** Opening Data shown block **

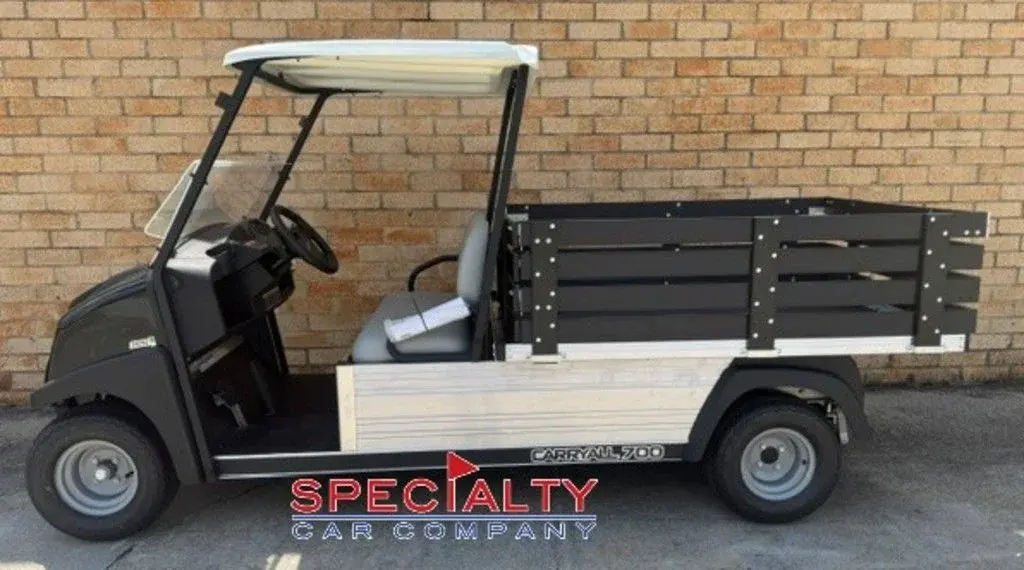2027 Club Car Carryall 700 photo 1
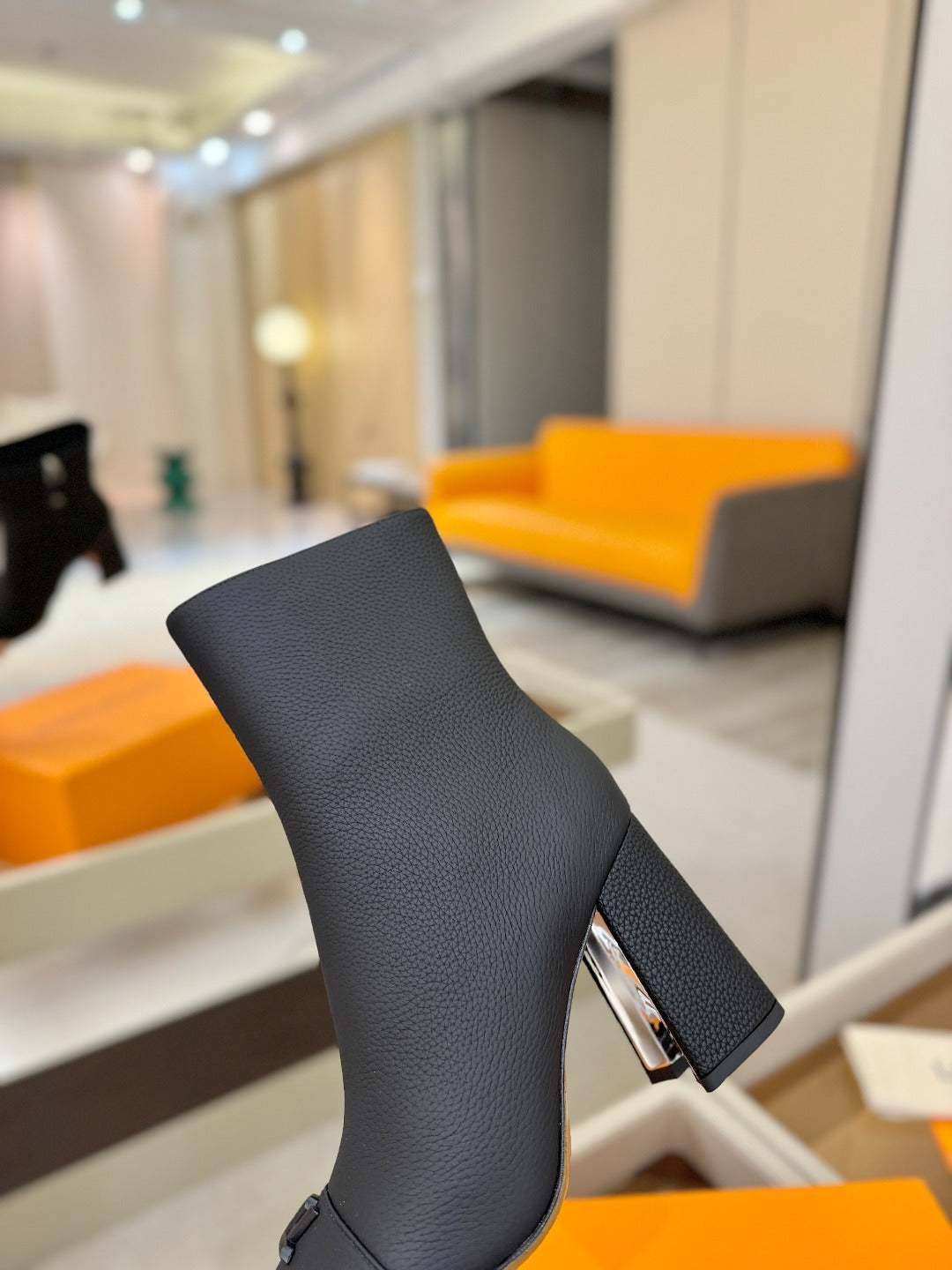 LV Ankle Boots 90 Black Calfskin 573717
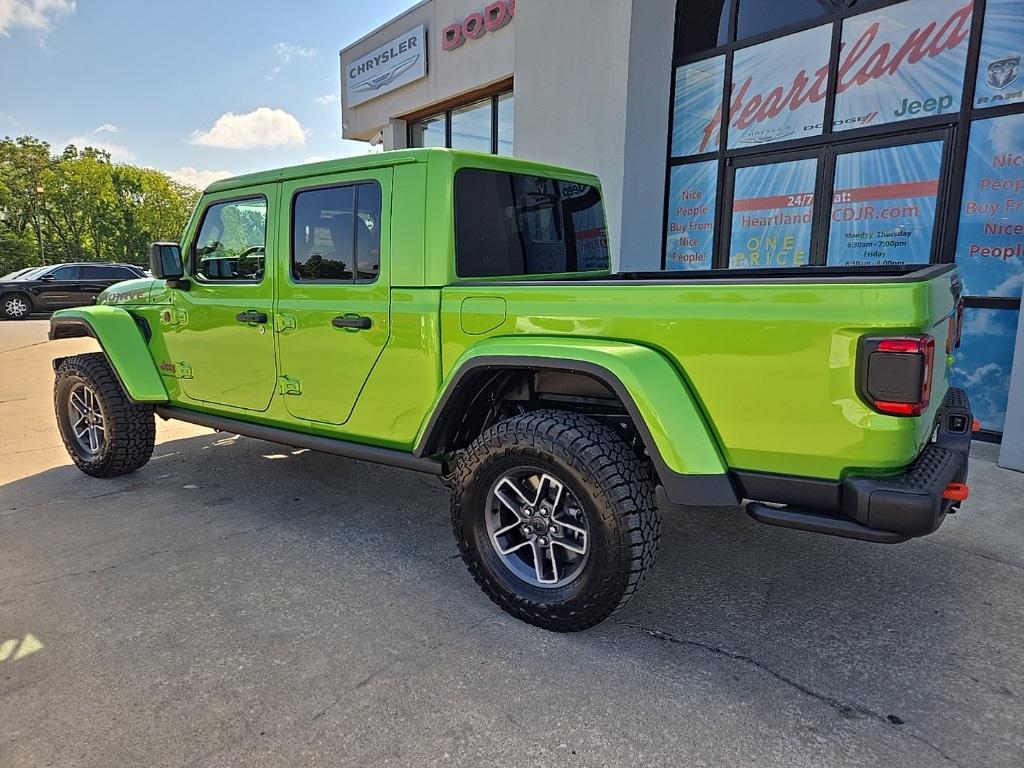 new 2025 Jeep Gladiator car, priced at $53,116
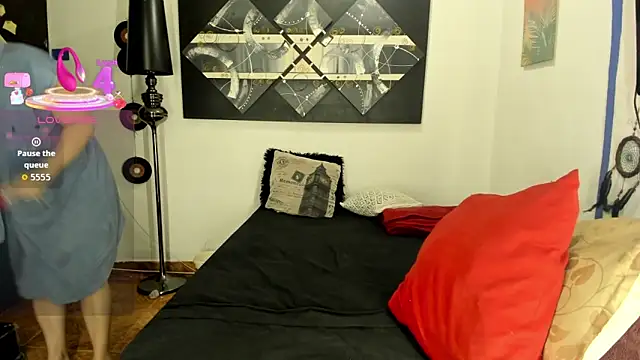 Snapshot of SARAMISHA chatting on September 2025 01:34:01 PM SARAMISHA online show from September 2025 01:34:01 PM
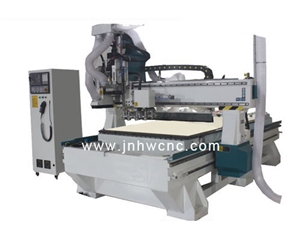 Automatic tool changing and drilling integrated machine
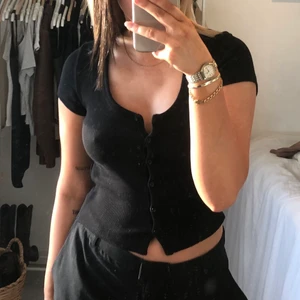 Svart tröja med knappar - säljer denna fina svarta tröja med knappar🖤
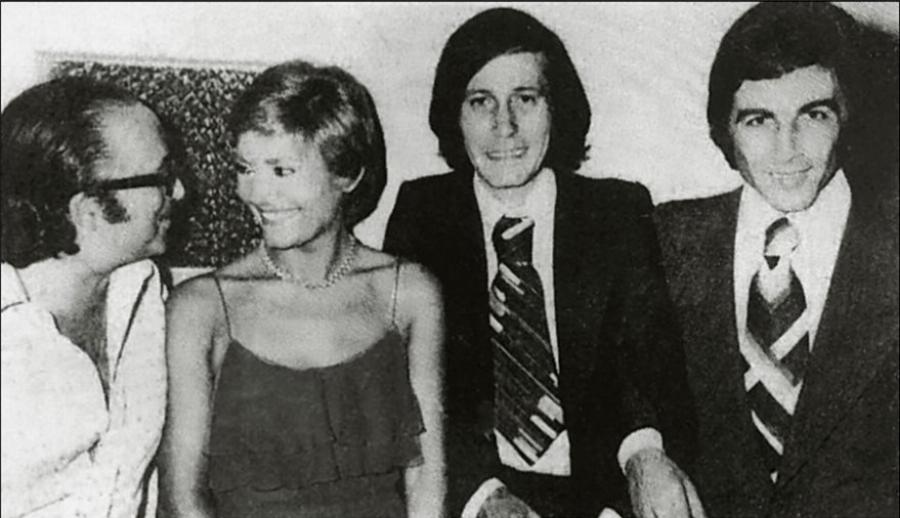 Τόλης Βοσκόπουλος: Ο «Άρχοντας» του ελληνικού τραγουδιού, οι θυελλώδεις έρωτες, η αγάπη του κόσμου και οι ατελείωτες επιτυχίες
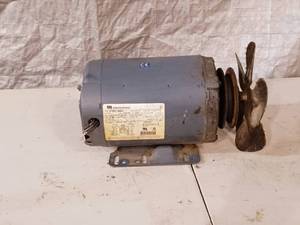 lot 26 image: Middleby Marshal 1ph 1hp electric motor
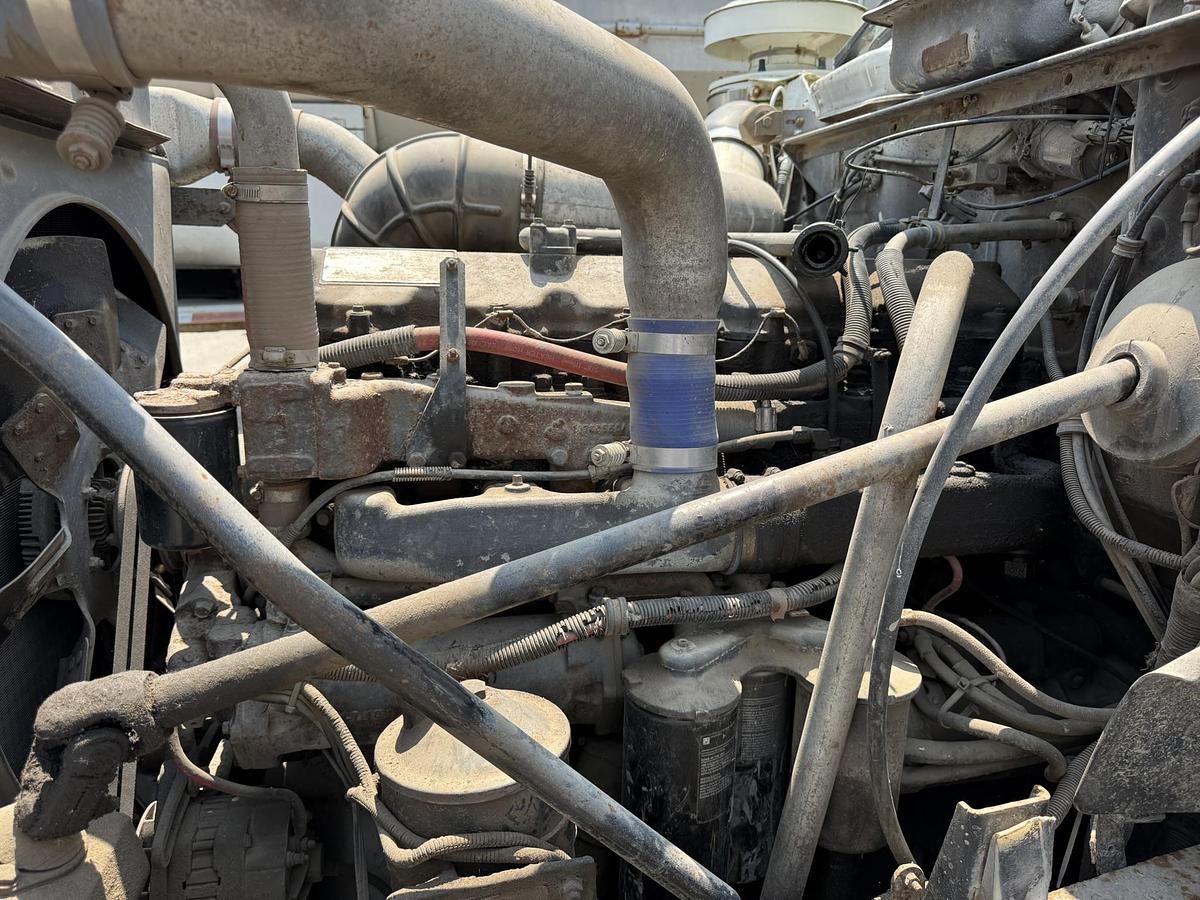 Used 1997 Mack Potato Bulk Box On Mack Truck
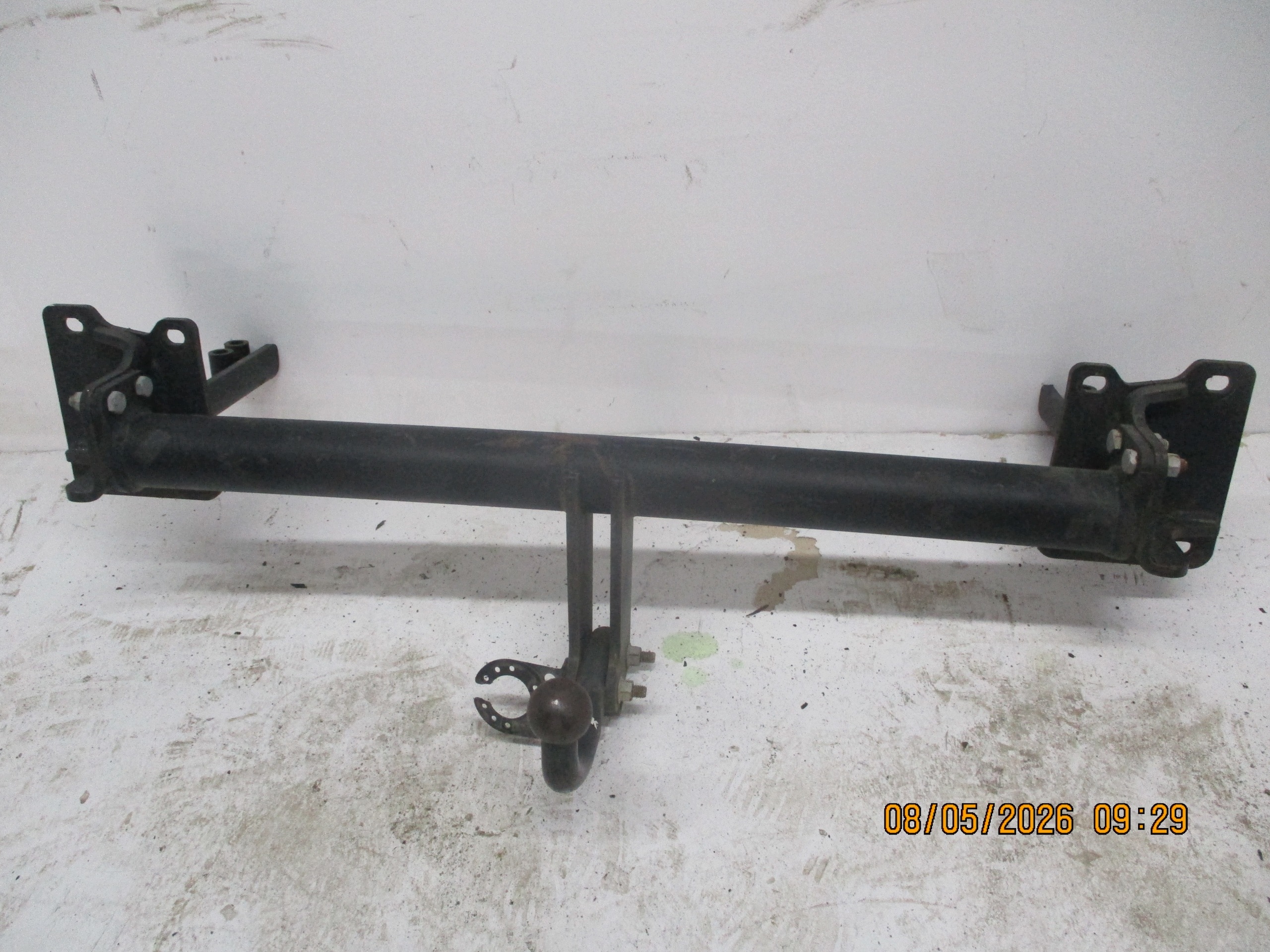 bumper support towing JAGUAR F PACE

** Closing Data shown block **

Exercise:
Reproduce only the lines from the line that holds "Snapshot of SARAMISHA" through the end of the records, exactly as they stand, both ends included and pictures excluded.

Response for this exercise:
 Snapshot of SARAMISHA chatting on September 2025 01:34:01 PM SARAMISHA online show from September 2025 01:34:01 PM
 Automatic tool changing and drilling integrated machine
 Svart tröja med knappar - säljer denna fina svarta tröja med knappar🖤
 Τόλης Βοσκόπουλος: Ο «Άρχοντας» του ελληνικού τραγουδιού, οι θυελλώδεις έρωτες, η αγάπη του κόσμου και οι ατελείωτες επιτυχίες
 lot 26 image: Middleby Marshal 1ph 1hp electric motor
 Used 1997 Mack Potato Bulk Box On Mack Truck
 bumper support towing JAGUAR F PACE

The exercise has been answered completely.